_What to work on_:
Your answer should hold exactly the lines below from the line with "I Dont Know" through the line with "Performing Stage u", both included, and no pictures at all.

_Excerpted records_:
---

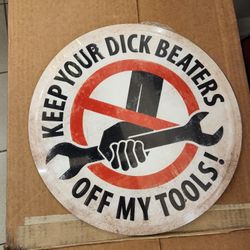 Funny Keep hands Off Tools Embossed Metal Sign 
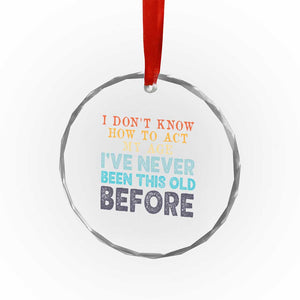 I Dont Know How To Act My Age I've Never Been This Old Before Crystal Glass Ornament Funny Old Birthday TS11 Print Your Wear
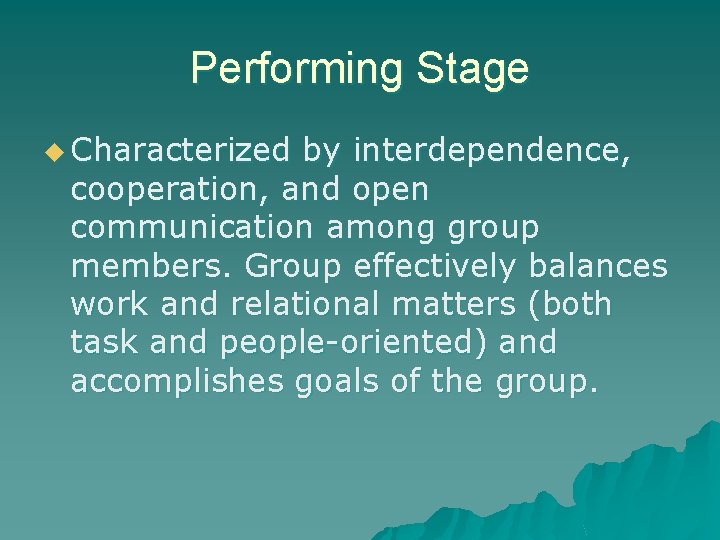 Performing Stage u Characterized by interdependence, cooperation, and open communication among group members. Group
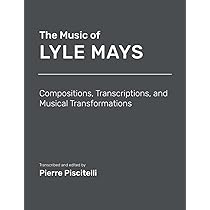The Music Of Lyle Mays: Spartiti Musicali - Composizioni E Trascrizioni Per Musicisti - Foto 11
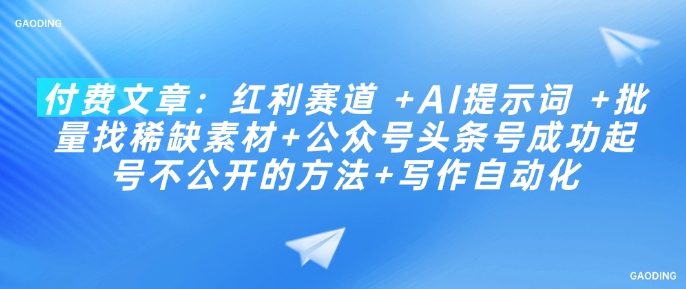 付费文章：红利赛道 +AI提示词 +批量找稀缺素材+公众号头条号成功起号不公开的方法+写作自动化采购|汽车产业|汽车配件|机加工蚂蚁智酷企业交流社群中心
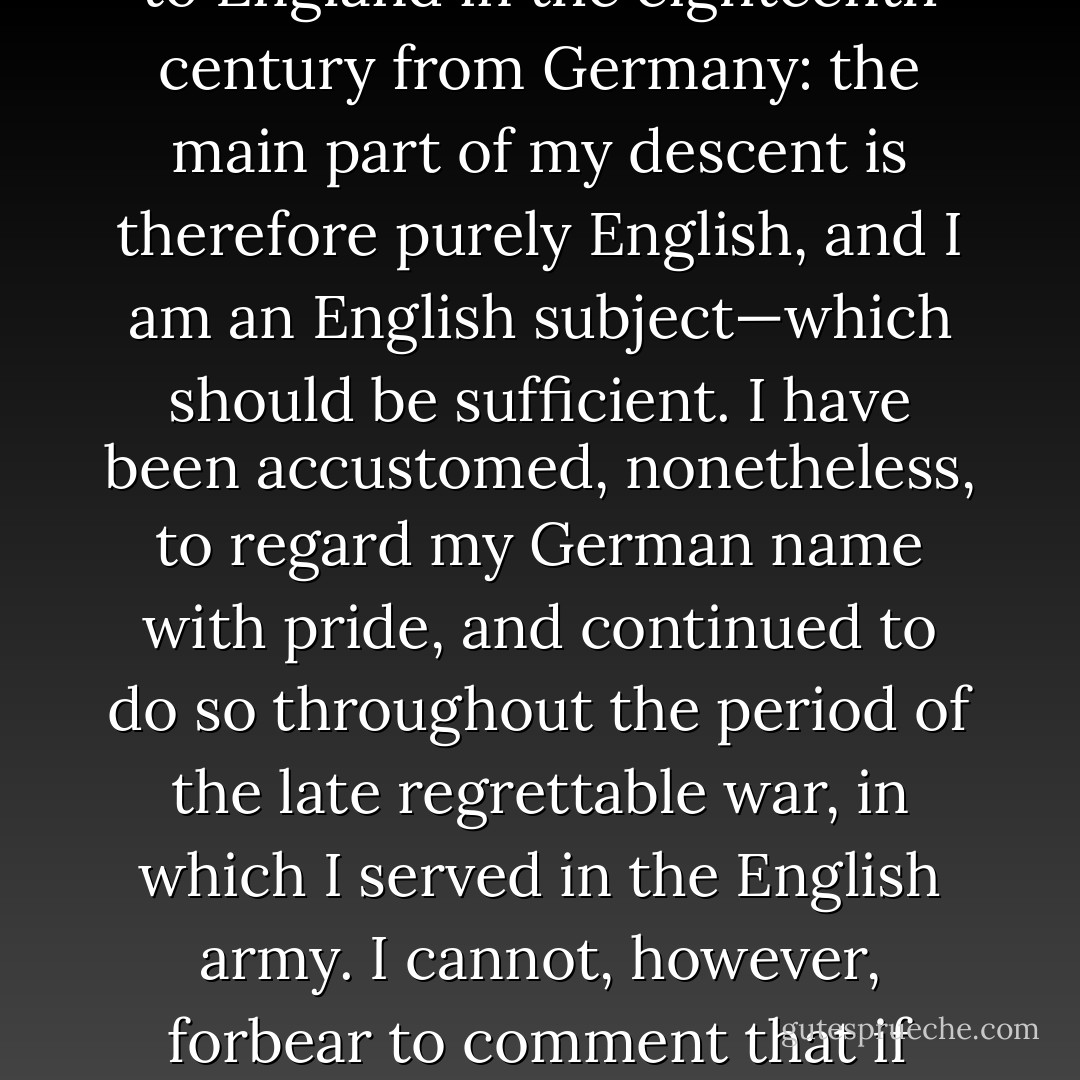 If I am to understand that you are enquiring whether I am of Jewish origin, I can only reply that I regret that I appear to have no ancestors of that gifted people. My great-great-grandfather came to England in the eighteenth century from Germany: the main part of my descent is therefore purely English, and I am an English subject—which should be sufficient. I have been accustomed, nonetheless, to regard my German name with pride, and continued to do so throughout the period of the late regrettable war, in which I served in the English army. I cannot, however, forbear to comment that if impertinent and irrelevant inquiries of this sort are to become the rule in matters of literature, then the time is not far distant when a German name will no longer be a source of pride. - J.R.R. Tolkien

---

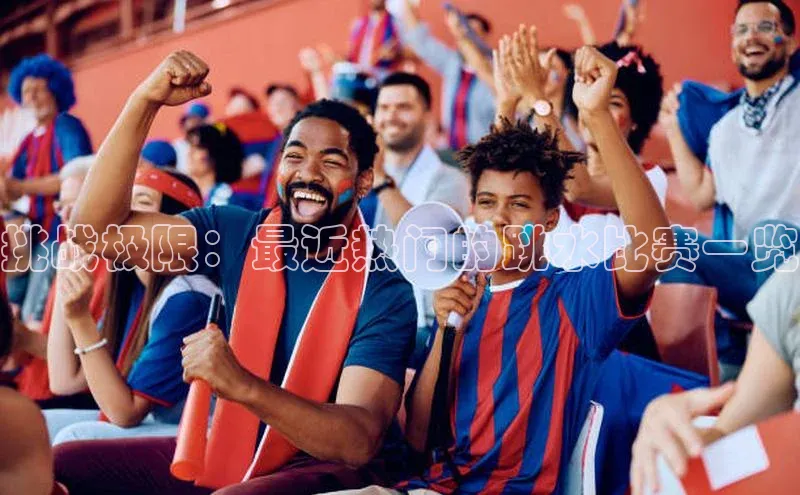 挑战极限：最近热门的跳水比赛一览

---

_Expected answer_:
 I Dont Know How To Act My Age I've Never Been This Old Before Crystal Glass Ornament Funny Old Birthday TS11 Print Your Wear
 Performing Stage u Characterized by interdependence, cooperation, and open communication among group members. Group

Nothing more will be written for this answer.